What to wear when it's cold

  • Dress infants and children warmly for outdoor activities. Several thin layers will keep them dry and warm. Always remember warm boots, gloves or mittens, and a hat.

  • The rule of thumb for older babies and young children is to dress them in one more layer of clothing than an adult would wear in the same conditions.

  • When riding in the car, babies and children should wear thin, snug layers rather than thick, bulky coats or snowsuits.

  • Blankets, quilts, pillows, bumpers, sheepskins, and other loose bedding should be kept out of an infant's sleeping environment because they are associated with suffocation deaths. It is better to use sleep clothing like one-piece sleepers or wearable blankets.

What to watch out for

Hypothermia

  • Hypothermia develops when a child's temperature falls below normal due to exposure to colder temperatures. It often happens when a child is playing outdoors in extremely cold weather without wearing proper clothing or when clothes get wet. It can occur more quickly in children than in adults.

  • As hypothermia sets in, the child may shiver and become lethargic and clumsy. Speech may become slurred, and body temperature will decline in more severe cases.

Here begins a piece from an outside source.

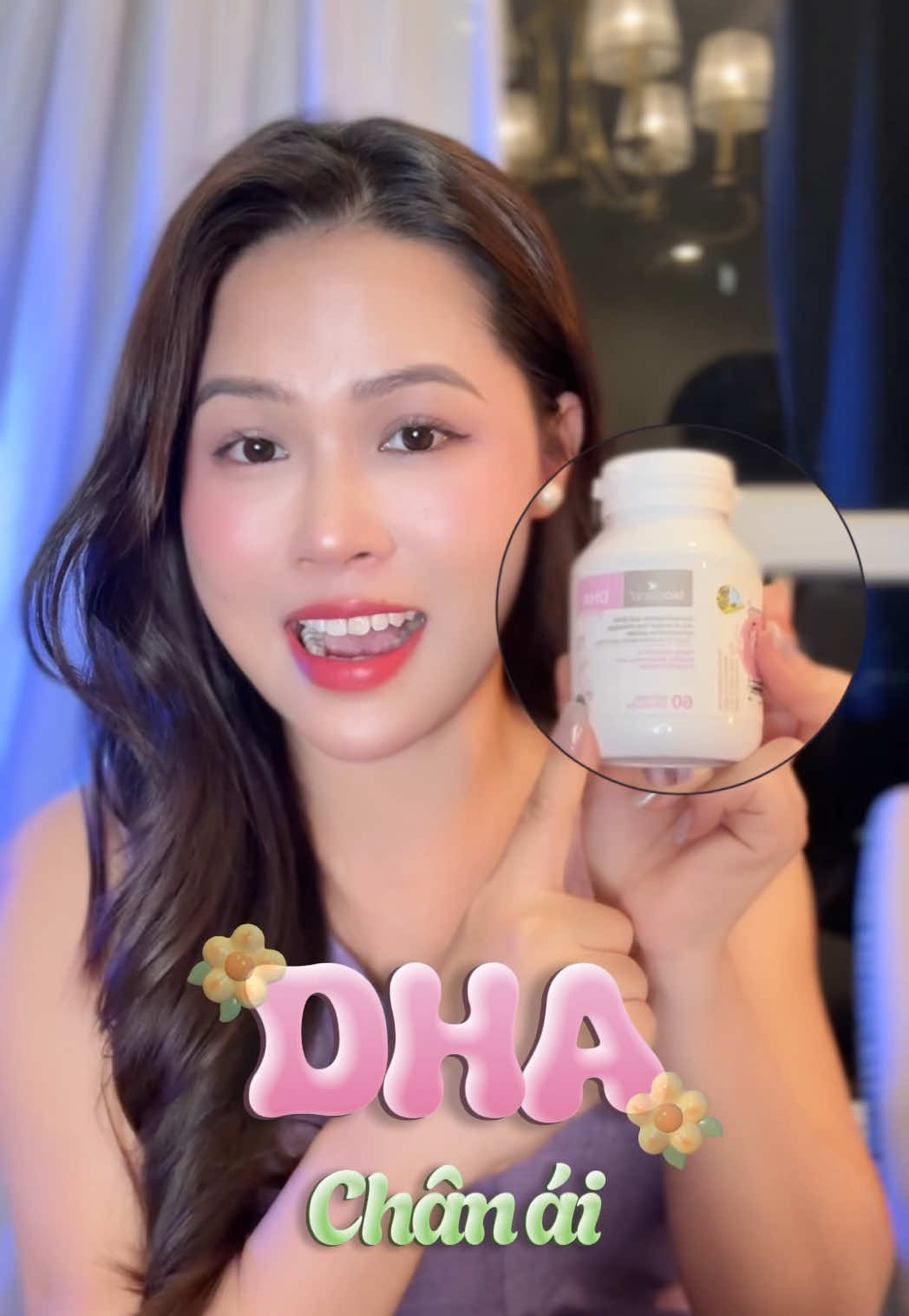 DHA của BioIsland chân ái cho mẹ bầu đây ạ #merofi #mẹrofi #mangthai #mẹbầu #merofi #mẹrofi #mangthai #dhabầu #dhabioisland#mejopmẹRofi #bioisland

  • If you suspect your child is hypothermic, call 911 at once. Until help arrives, take the child indoors, remove any wet clothing, and wrap him in blankets or warm clothes.


Frostbite

  • Frostbite happens when the skin and outer tissues become frozen. This condition tends to happen on extremities like the fingers, toes, ears, and nose. They may become pale, gray, and blistered. At the same time, the child may complain that their skin burns or have become numb.

  • If frostbite occurs, bring the child indoors and place the frostbitten parts of her body in warm (not hot) water. 104° Fahrenheit (about the temperature of most hot tubs) is recommended. Warm washcloths may be applied to frostbitten noses, ears, and lips.

  • Do not rub the frozen areas.

  • After a few minutes, dry and cover the child with clothing or blankets. Give your child something warm to drink.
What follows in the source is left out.